If you delete via an int pointer, the compiler will not call the destructor for the object being deleted. Since these are PODs with no destructor, that's not a factor.

The other issue is whether the memory will be freed properly. I can't imagine an implementation where it wouldn't since the memory allocation functions underlying new and delete will just be like malloc and free, i.e. type-independent functions that operate on void * pointers.

Pedantically speaking you are invoking undefined behavior, but practically speaking I will eat my hat* if there's a compiler that doesn't handle this sanely.

^{* I do not have a hat.}

Answer 3

A conformant C++ compiler can do anything it likes with that code. It could format your harddrive, or email your collection of porn to your grandma. It may even delete the objects correctly.

Your program is not legal C++.

Your question can be simplified like this:

Given the following two classes:

struct Base{
  int i;
};

struct Derived : public Base{
  int j;
};

will any conformant C++ compiler leak memory in the following cases:

// 1
Base* b1 = new Derived();
delete b1;
// 2
Base* b2 = new Derived();
void* vp = b2;
delete static_cast<int*>(vp);

Correct? The number of allocations, or the size of each class isn't really relevant to the question.

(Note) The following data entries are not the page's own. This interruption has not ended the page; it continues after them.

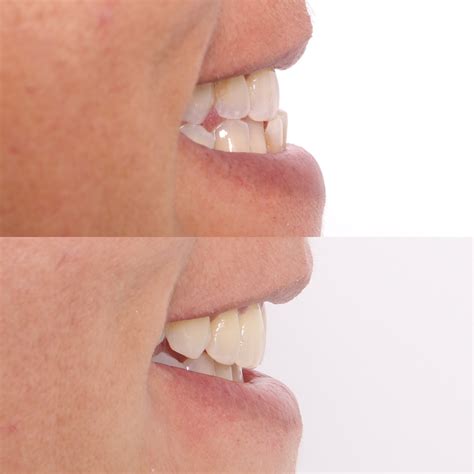 how to fix and underbite 4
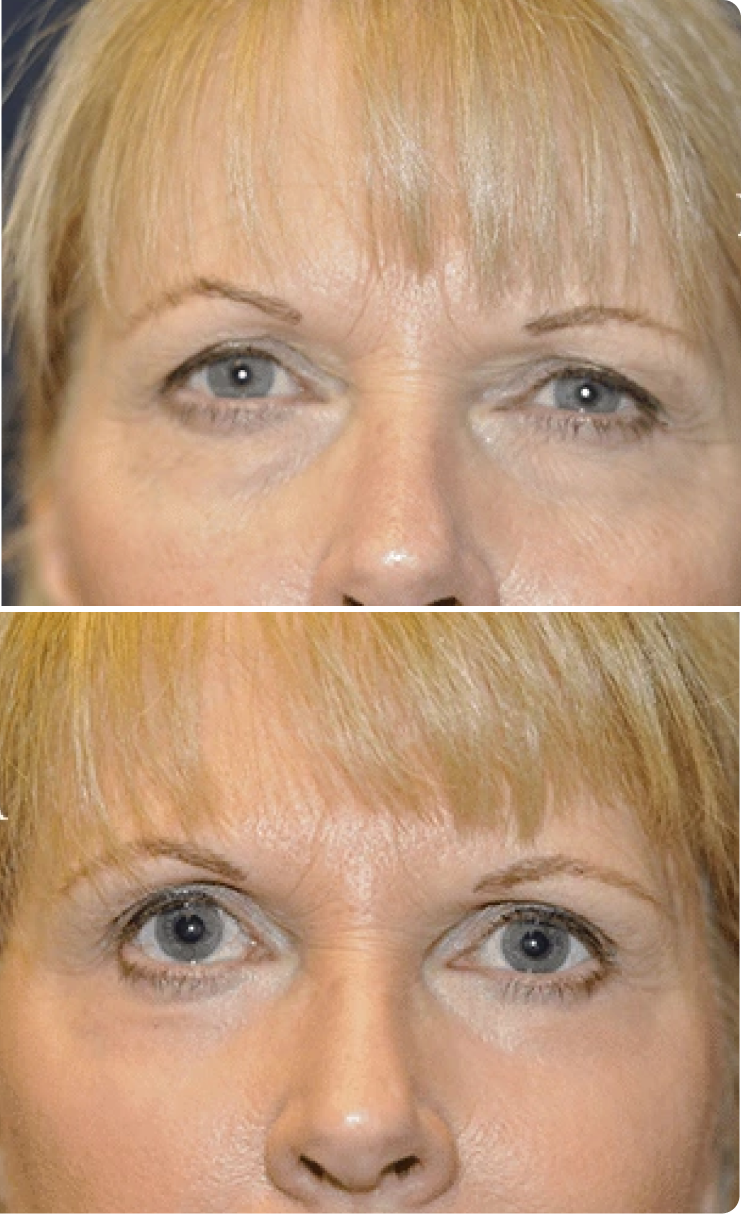 Blepharoplasty Before and After C Banner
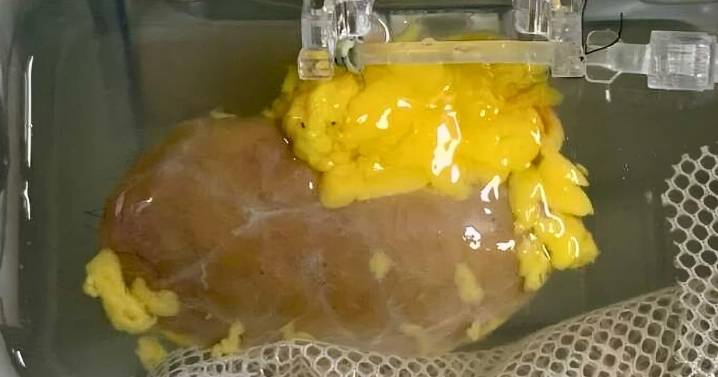 Científicos crean riñón universal que concuerda con cualquier tipo de sangre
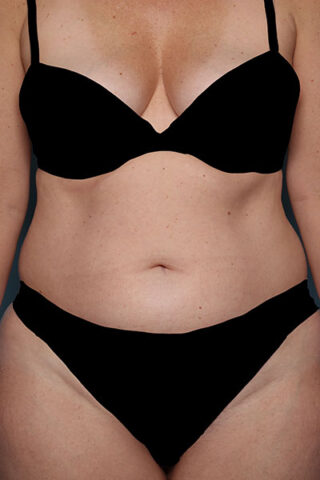 Case # 1 before photo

If so, the answer is simple. In both cases, the result is undefined behavior. According to 5.3.5:3, if the static type of the object being deleted is different from the dynamic type, the static type shall be a base class of the operand's dynamic type and the static type shall have a virtual destructor.

In the first example, the static type (Base) is a base class of the dynamic type (Derived), but it doesn't have a virtual destructor.

In the second case, neither requirement is fulfilled.

So is there a compiler where this won't still appear to work? I don't know of one. The compilers I know of will release the memory as long as the pointer passed to delete points to the same address as the one that was returned from new. And that will be the case in both cases here.

However, you're asking the wrong question. It is not "will it leak memory" that is important, but "will it do anything bad?" It is undefined behavior, so it might do a hell of a lot more than leak memory. An obvious thing it could do is just do a quick type check, and then terminate your program if the types don't match up. Or it could corrupt the heap. There are plenty of things that a conformant compiler could do. Memory leaks are just one option.

Finally, it's worth pointing out that the derived class is not a POD. A POD, by definition, may not derive from another class.